As I learned from my earlier work with bioengineers, animals bear the power to inspire affective responses in human lab personnel. Driven by past experience, I chose to focus exclusively on mammals, informed by the assumption that lab workers would respond most strongly to warm-blooded creatures. This decision did not reflect my personal attraction to certain species over others—those who know me can attest that my affective responses to a hound, boa, shark, and cephalopod are equally strong. Rather, they reflect dominant understandings of species’ worth across wide domains of experimental science. During the course of this research, certain animals emerged as inspiring especially strong affective responses in lab personnel: most notably, dogs (specifically, beagles), primates (especially macaques), and other, smaller animals (most frequently rats and ferrets). I came to understand these as iconic species of laboratory science, and they figure prominently in the chapters that follow. Now that I have reached the end of this study, I admit I sometimes question whether this focus on mammals was necessary, and in the book’s conclusion I circle back and reconsider the affective power of non-mammalian species.

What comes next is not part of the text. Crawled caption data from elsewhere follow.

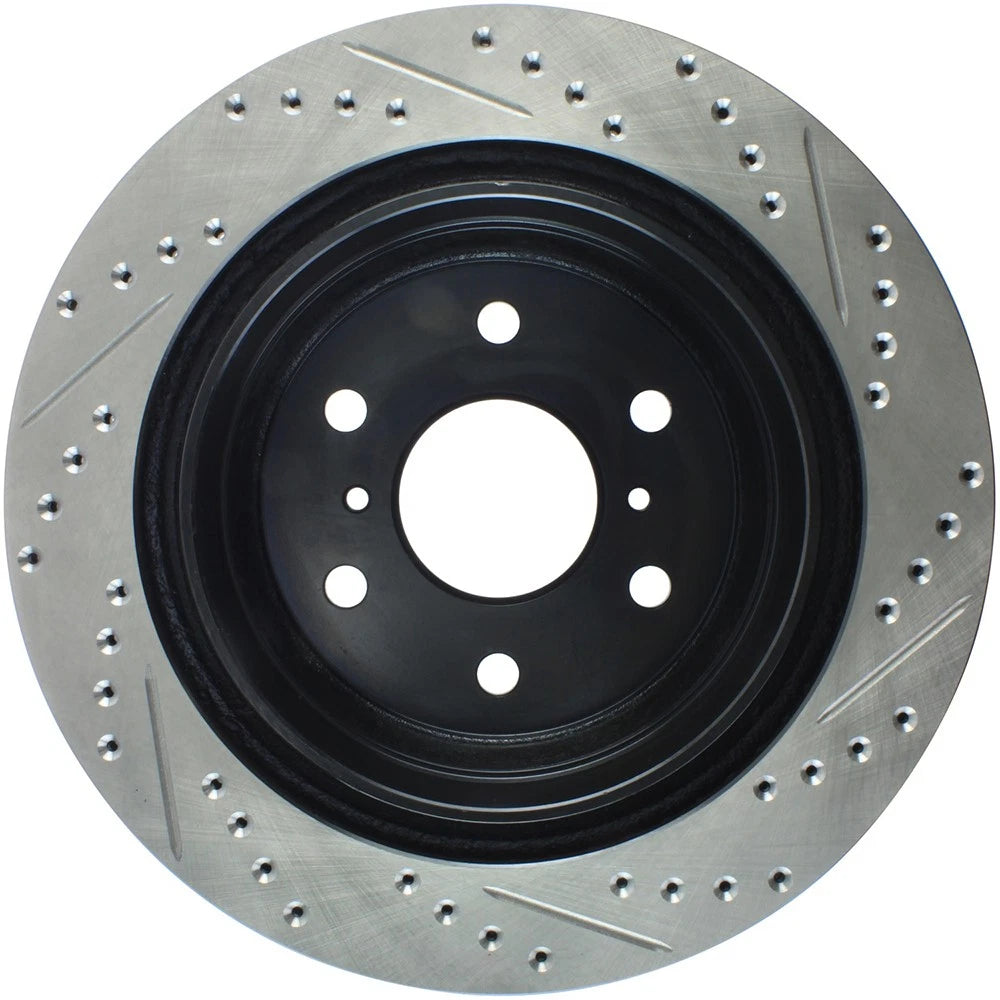 StopTech 127.66065R Rear Right Drilled Disc Brake Rotor for 07-20 Escalade Tahoe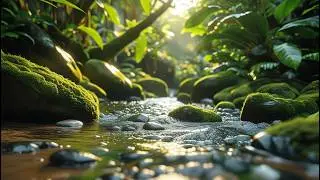 Waterfall Sounds for Sleeping, River Sounds for relaxation, Water Sounds for stress relief #532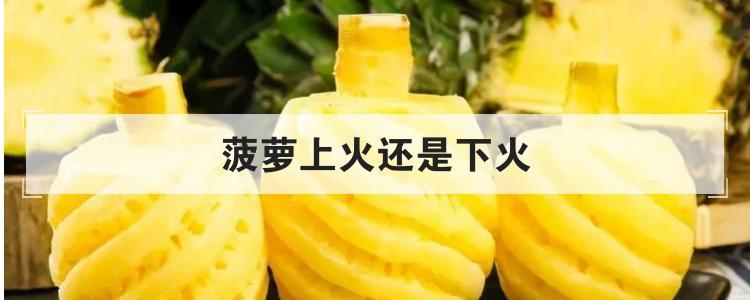 菠萝上火还是下火br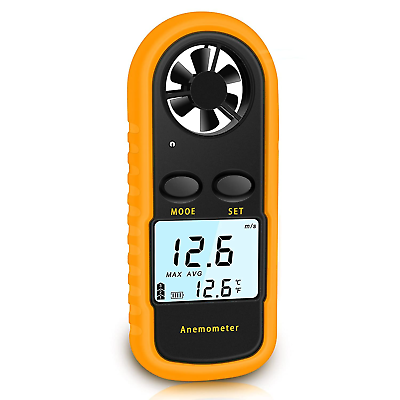 #ad NICE POWER Handheld Anemometer Digital Wind Speed Meter Air Flow Meter for Mea $21.16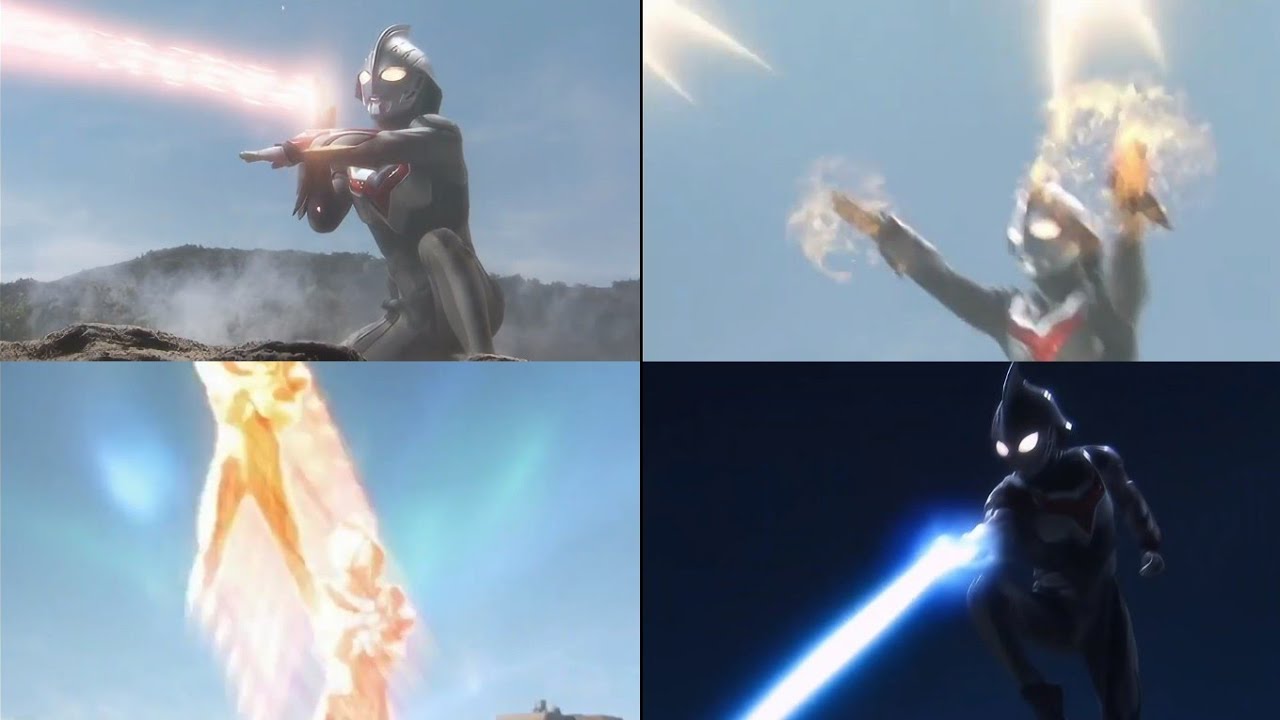 Ultraman Nexus Anphans All Technique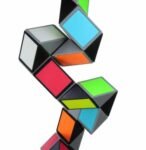 Colorful Magic Cube 72 Segments Speed Twist Snake Magic Puzzle Educational Toys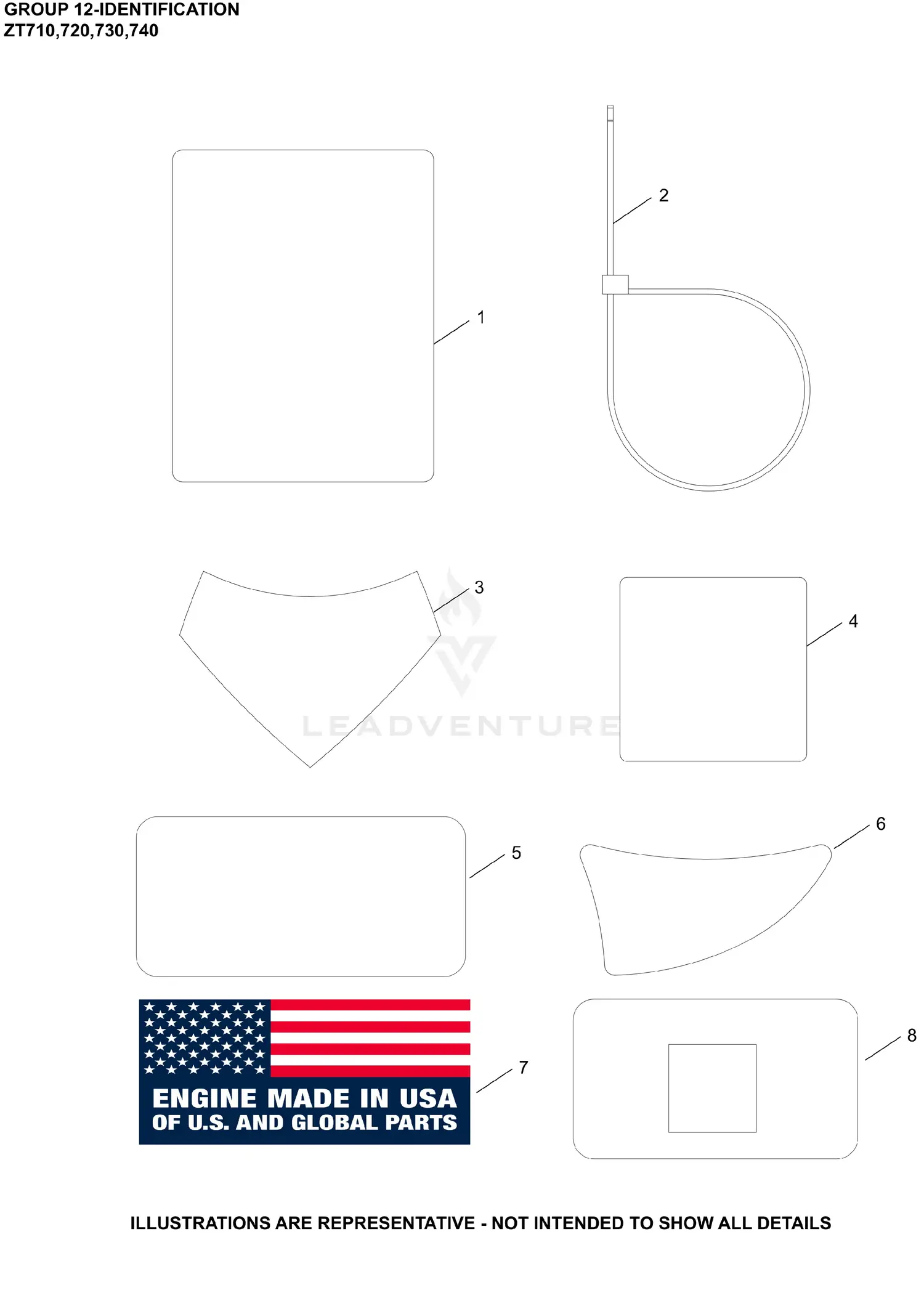 馬　原画 Kohler ECH740-3059 Vermeer Parts Diagrams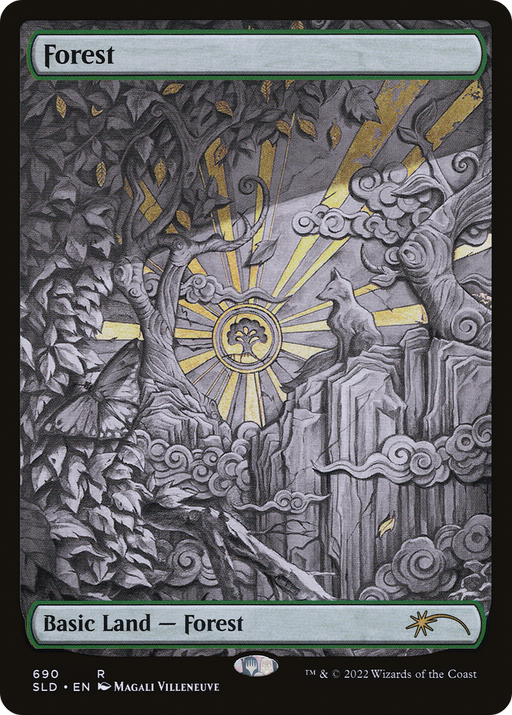 Forest (690) (SLD-690) [Secret Lair] Drop MTG Single Wizards of the Coast
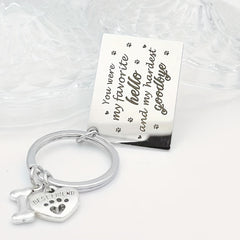 Pet Memorial Keychain Heartfelt Loss of Pet Gift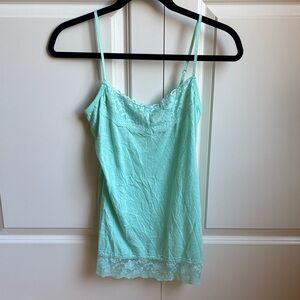 Maurices Light Green Lace Cami Top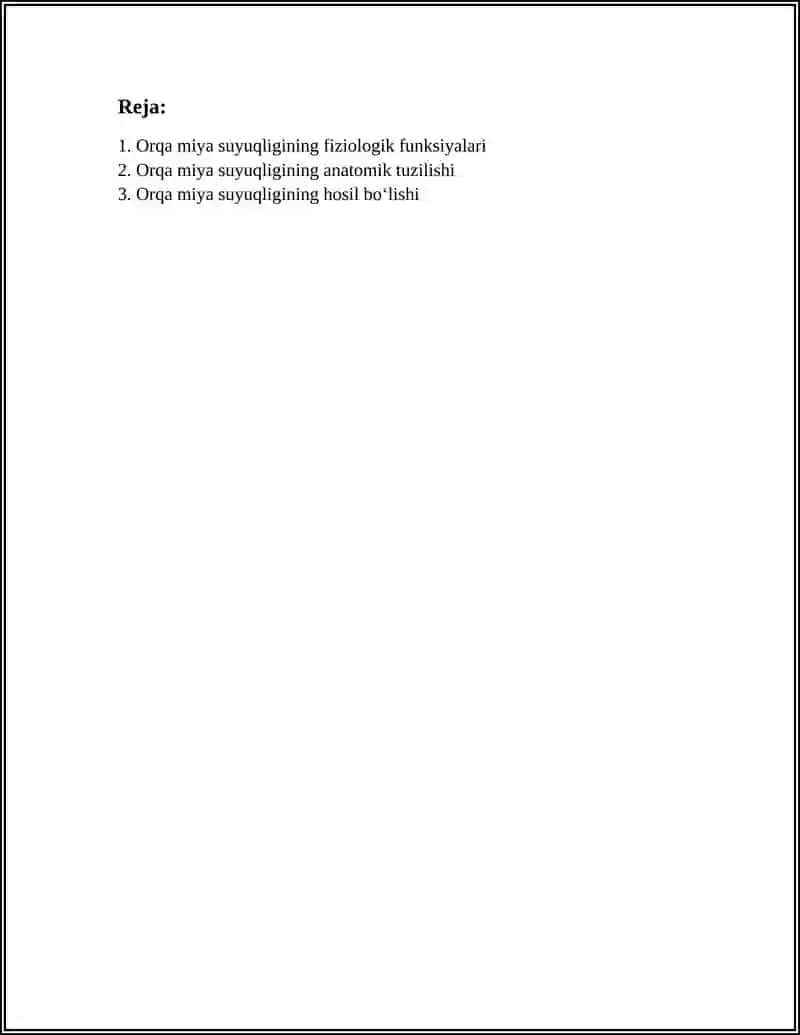 Orqa Miya Suyuqligi 2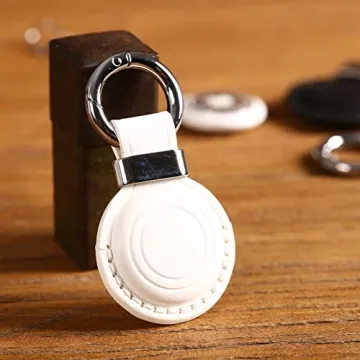 KEEPXYZ Leather AirTag Holder: Durable & Stylish Keychain
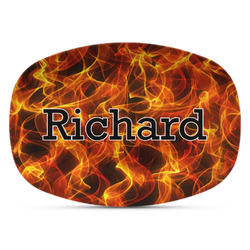 Fire Plastic Platter - Microwave & Oven Safe Composite Polymer (Personalized)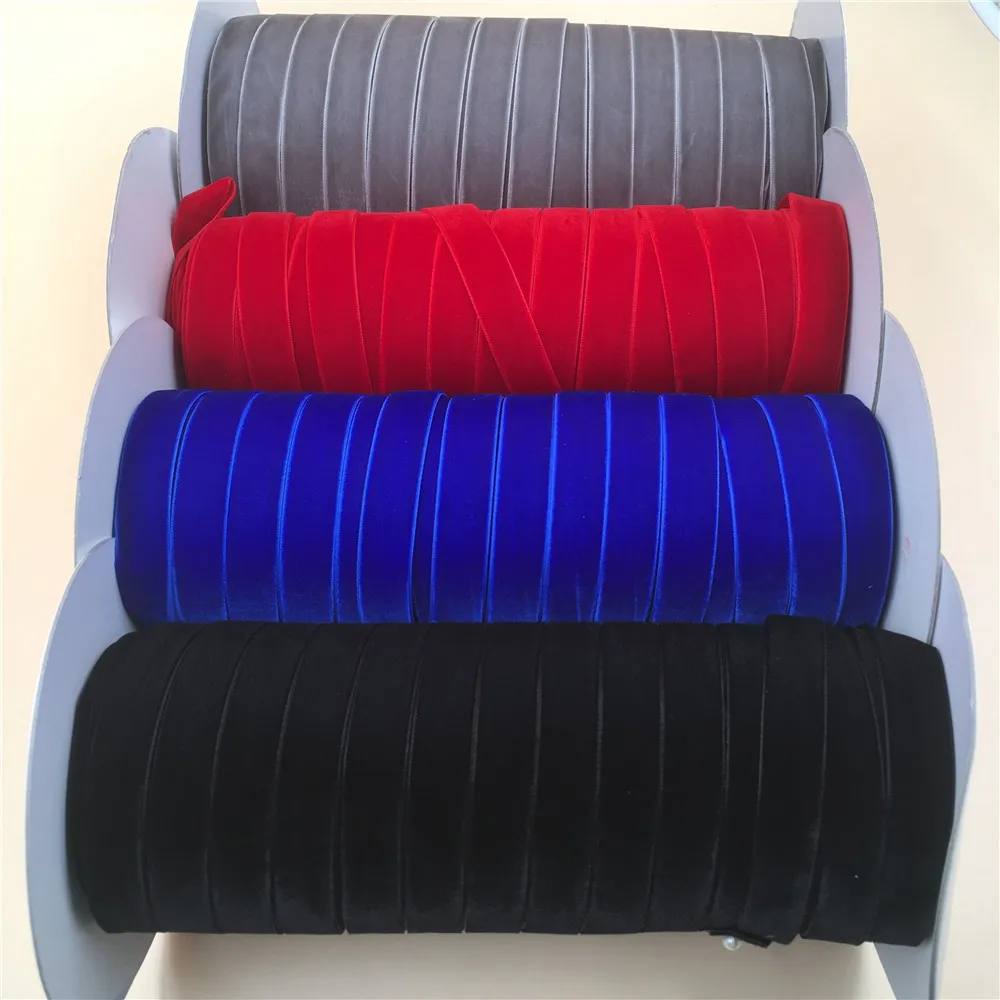 

30colors Choices 25mm X 25yards (none stretch) single face nylon velvet ribbon velour ribbons webbing DIY accessories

Animal Ethos officially spanned seven years of ongoing research (2010–2017); supplemental data are derived from earlier research with transplant surgeons (some of whom had worked with animals in the course of their training), xeno experts (for whom chimpanzees, baboons, pigs, and the occasional rat or hamster were preferred research subjects), and bioengineers (whose professional histories are entwined with calves, ewes, and sometimes dogs). Just as animals matter, domains of specialized knowledge and training do too. As I learned from my work on organ transplantation, although surgeons are most often celebrated in the literature as the true experts of this clinical realm, my research findings would have been shallower, I maintain, had I not worked in sustained fashion with nurses, social workers, procurement specialists, patients, and donor kin. Likewise, throughout this current project, I have made a point of moving up and down labor hierarchies, across research domains, and among different species.
Researchers and animal care technicians eventually emerged as those most likely to face and wrestle with moral quandaries. I nevertheless worked with a host of experts. Methodologically, the bulk of data were derived by shadowing lab personnel and conducting structured, open-ended interviews, informal group discussions, and life narratives that involved sixteen lab PIs, eight postdoctoral students, twelve undergraduate lab researchers,17 three lab technicians, twenty-two animal technicians or “caretakers,” six veterinarians, four animal activists, two animal law experts, two investigative journalists, two historians of science, three moral philosophers, and four bioethicists. These methods of data gathering were enhanced by additional sustained participant-observation within a range of sites consisting of labs based on five separate university and college campuses; three veterinary schools; and a wide range of specialized conferences in the United States and abroad that were focused on transplant-related research, animal husbandry and lab care, and animal welfare legislation. I have also spent significant time combing through historical archives, seeking advertisements and other public relations materials, and visiting a host of sites that memorialize animals in and beyond scientific domains.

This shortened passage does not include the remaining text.